The following recommendations on the management of the Missouri River System, including the Master Water Control Manual, were developed by the Sierra Club after extensive meetings, discussions, and reviews by Club activists and entities throughout the Missouri River Basin.
1. We support native habitat restoration. This should be an over-riding goal of Missouri River management, and all other management goals and recommendations should be subservient to this main goal.
2. There should be no new dams in the Missouri River basin, either on the main stem of the River or on any of the tributaries.
3. There should be no new levees that protect beyond “agricultural level” protection (5 to 10 year flood levels).
4. We support basin-wide mitigation funding. The Corps of Engineers has been authorized significant funding to conduct mitigation efforts that will counter the negative impacts of the past decades of river management and we support targeted funding continuing these efforts.
5. We support funding for conservation easements. In addition to public acquisition of floodplain lands, such easements will help restore the river corridor. They can be funded through several programs in the Farm Bill.
6. We support monitoring for water quality, habitat quality, species decline and recovery. This monitoring is particularly important for threatened and endangered species, but is also necessary to prevent other species from becoming threatened or endangered.
7. We support adaptive management, as proposed by the Army Corps of Engineers. The results of the monitoring must serve as a guide to making adaptive changes to the management plan to address any problems that are not solved or that develop during implementation of the plan.
8. The Missouri River should be “reconnected” to its floodplain by levee setbacks – giving the River room to allow floodwaters to move downstream without causing flood losses and replenish and restore a more natural riparian corridor.

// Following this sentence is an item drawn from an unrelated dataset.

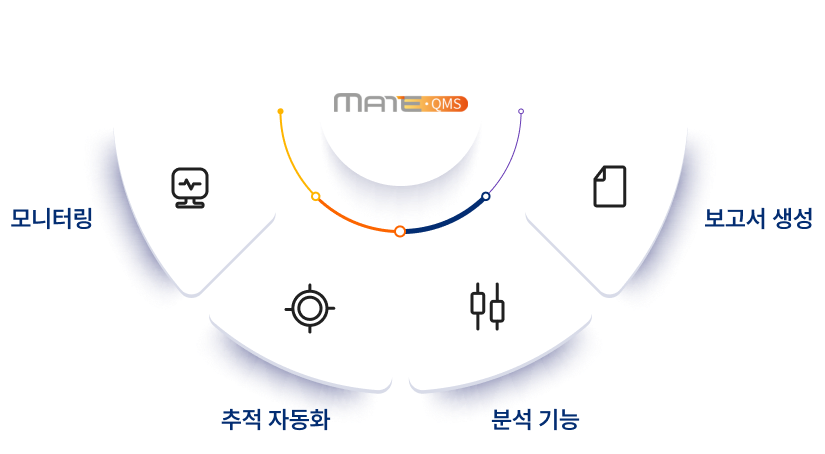 MATE-QMS 통합품질관리시스템 특징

9. Since the beneficial uses of the River, other than navigation, far exceed the benefits from navigation, managing for those other uses should be the main focus of management of the Missouri River System.
10. We support “unbalancing” the large three upper reservoirs on the Missouri River. This will allow exposure of the sandbars and mudflats in the upper basin reservoirs on a cyclical basis, which should enhance nesting success for the endangered bird species. However, careful monitoring and adaptive management should be used to ensure positive results.
11. We support more dependence on natural riverine systems, and less on engineering structures and measures. This includes modifying the bank stabilization structures to allow restoration of a more diverse riparian habitat in parts of the river corridor.
12. We support the “split-season” flow regime for spring high flows in one of every three years, and low summer flows each year. However, we do not believe the “fall rise” is historically or ecologically justified.
13. We oppose out-of-basin diversions and basin depletions. These will impact natural fish and wildlife communities within the basin and potentially reduce the economic benefits of the Missouri River to basin-wide human communities.